How the Hackers/Phishers Compromise an Email Account
Although some may refer to the scam artist as a hacker, they may simply have gained access to the email account by phishing, which involves any number of methods to gain a username and password. This can include sending a link to a website that appears to be a login page to Google, Yahoo, Hotmail, AOL or other popular services. Phishers may be able to determine an email password by using a program to repeatedly guess the password (cracking). They may also utilize spear phishing techniques where the recipient receives an email that appears to come from someone that they know. Another technique is to load a virus on the recipient’s computer, which may come by way of an email attachment or even a download from a website that appears to have a legitimate purpose (Trojan horse).
Broad warnings started in 2012, with specific warnings of this precise real estate escrow wire scam beginning in late 2013. The scam was named the “man-in-the-email-scam” by the FBI as it is a variation on the man-in-the-middle scam. Attorney Artin Betpera wrote an excellent description of this scam, warning real estate professionals to avoid free email addresses. Other warnings have been issued by the American Land Title Association, Chicago Title and many other sources. Although this blog post focuses on the real estate industry, the man-in-the-email scam has also impacted other industries.

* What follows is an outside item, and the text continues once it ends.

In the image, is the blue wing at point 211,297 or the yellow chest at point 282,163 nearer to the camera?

Professionals should take steps to ensure the security of email communications, including, but not limited to:
- Avoiding business with any party that uses a free email service
- Using encryption in emails and attachments
- Warning buyers/lenders of this potential fraud before it occurs
- Consulting a computer security expert
- Training employees on computer security
- Installing appropriate software to prevent or detect the security issues that give rise to this scam
If you’ve been victimized by this scam, consult a real estate attorney to discover if you may have legal rights.